Still, the layoff means Saturday is their last opportunity to claim bragging rights, a feat Utah has accomplished each of the last three years. Taysom Hill, Cody Hoffman and Kyle Van Noy want to snap the skid and go out winners. Trevor Reilly and Co. want to end the current run of the series with the ultimate boast of four straight victories. 

These are two quality teams. They are also programs growing apart.

For the Utes, the future is rested in the Pac-12. The Utes are in their third season in the conference and are still playing catch-up with their new counterparts.

Before the program embarked on its first season as a power conference member in 2011, Bryan Fischer of CBS Sports quoted Whittingham as saying: "I just think rosters in the Pac-12 from top to bottom are deeper. They're a little faster, a little bigger, a little stronger." 

That's a harsh reality relegating Utah to a 13-12 record over the last two years, a stark contrast from the program's 57-20 mark in six full seasons under Whittingham as members of the Mountain West Conference. 

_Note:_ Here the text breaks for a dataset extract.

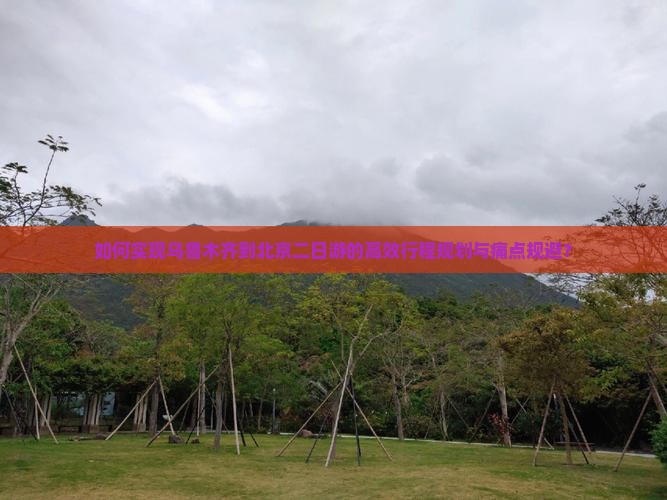 如何实现乌鲁木齐到北京二日游的高效行程规划与痛点规避？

"We've closed the gap," Whittingham said Tuesday. "We feel that we’re a much better football team right now than we’ve been the last couple years." 

"We’ll see how that translates," he added. "The league itself is a lot better than it was a couple years ago."

The continued improvement of the conference and reaching that same pace must be Utah's No. 1 priority. An unfortunate casualty in that process is a guaranteed Holy War. 

However, BYU finds itself in a similar territory as an independent as its rival in the Pac-12. Utah is one of seven BCS conference opponents on the schedule that is the Cougars' strongest in three years since leaving the MWC. 

The Cougars are forging new partnerships with prominent programs like Notre Dame and Texas. The latter maintains a spark of the rumored interest from the Big 12

Rather than lament the hiatus and the rivalry's uncertain future beyond 2018, it could be celebrated as a sign of each program's growth.